The bridge credit facility agreement, which was originally entered into on February 24, 2025 (and was subsequently amended and restated on May 13, 2024, to provide for a US$33 million working capital facility), provided for US$30 million in immediately available funds to the Company (the "Original Bridge Term Facility"), with the Additional Bridge Term Facility to be made available to the Company at the discretion of Dunebridge on terms and conditions to be agreed to, which are now represented in the Amendment.
The Additional Bridge Term Facility will mature on the same date as the Original Bridge Term Facility, on March 18, 2026, and is subject to the same rate of interest of 10.5% per annum, to be capitalized and compounded quarterly on the principal amount and payable on maturity. The interest rate will increase to 12.5% per annum, if the Additional Bridge Term Facility or the Original Bridge Term Facility are not repaid, together with all accrued interest, upon maturity.
As consideration for the Additional Bridge Term Facility, the Company will pay Dunebridge a US$1 million fee (the "Facility Fee") on maturity. Payment of the Facility Fee is subject to receipt of disinterested shareholder approval in accordance with the TSX Company Manual (the "Manual") at a duly called meeting of the Company's shareholders or such approval no longer being required if the Company obtains an alternative listing of its common shares on the TSX Venture Exchange (the "TSXV") and voluntarily delists its common shares from the Toronto Stock Exchange.

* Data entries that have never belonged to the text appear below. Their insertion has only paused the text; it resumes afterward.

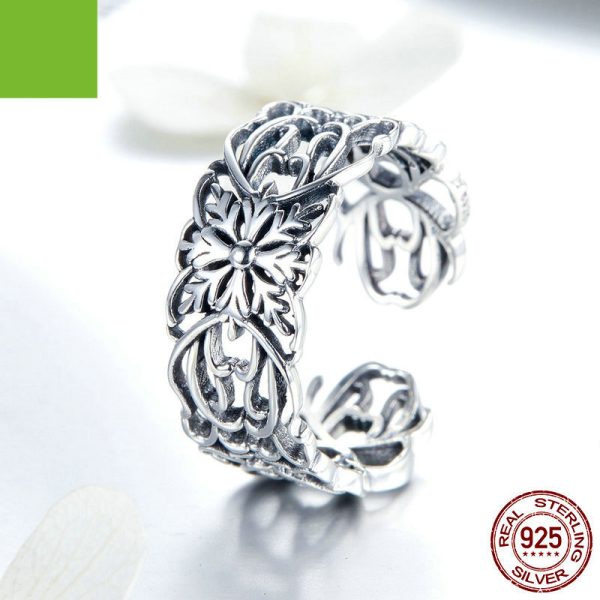 Vintage Flower 925 Sterling Silver Ring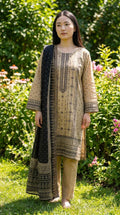 Beige Block Print Lawn Suit with Black Dupatta KF-1172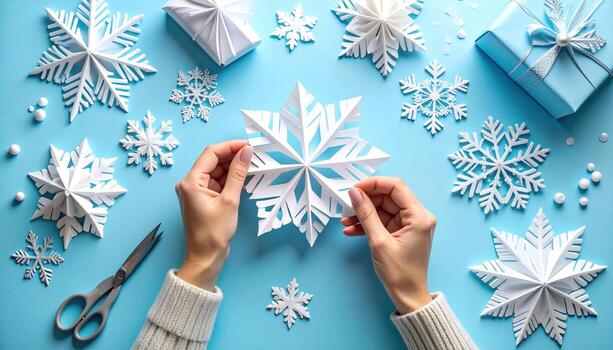 Joyful hands delicately create beautiful paper snowflake, surrounded by an array of white winter holiday decorations on soft blue background. Creative crafting scene brings festive cheer photo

The Company has not yet determined whether it will proceed with pursuing a listing on the TSXV. Failure to either obtain the requisite disinterested shareholder approval under the Manual or obtain an alternative listing of its common shares on the TSXV in advance of January 25, 2026, unless waived or extended by the lender will constitute an event of default under the amended and restated bridge facility agreement.
MI 61-101 Reliance on Exemption for Financial Difficulty in Respect of Additional Bridge Facility
Dunebridge is a "related party" of the Company, for the purposes of MI 61-101 and the entering into of the Amendment is a related party transaction for the purposes of Multilateral Instrument 61-101 – Protection of Minority Security Holders in Special Transactions ("MI 61-101"). The Amendment is being completed pursuant to an exemption from the minority shareholder approval requirements applicable to a related party transaction under section 5.7(1)(e) of MI 61-101 on the grounds that the Company is in serious financial difficulty. The board of directors of the Company, acting in good faith, and all of the Company's independent directors, acting in good faith, have determined that entering into the Amendment, generally, and the Additional Bridge Term Facility, including the Facility Fee, is reasonable given the financial difficulties that the Company is facing (the "MI 61-101 Exemption").
TSX Conditional Approval
On the basis that the Amendment involves Dunebridge, an insider and related party of the Company, but does not involve the issuance or potential issuance of the listed securities of the Company, MPD applied for, and received, the TSX's conditional approval for the Amendment and under Section 501(c) of the TSX Company Manual.
The TSX provided conditional approval of the Amendment on the basis that the value of the consideration to insiders in respect of the Additional Bridge Facility (excluding the Facility Fee) will not exceed 10% of the Company's market capitalization as of July 28, 2025, being approximately CAD11.68 million.
Value of Consideration to Insiders
The value of the consideration to insiders for the Additional Bridge Facility (excluding the Facility Fee) is an estimated CAD959,000 as of July 28, 2025 or 8% of the market capitalization of the Company discussed above. Such consideration reflects the interest consideration payable on the Additional Bridge Facility on maturity.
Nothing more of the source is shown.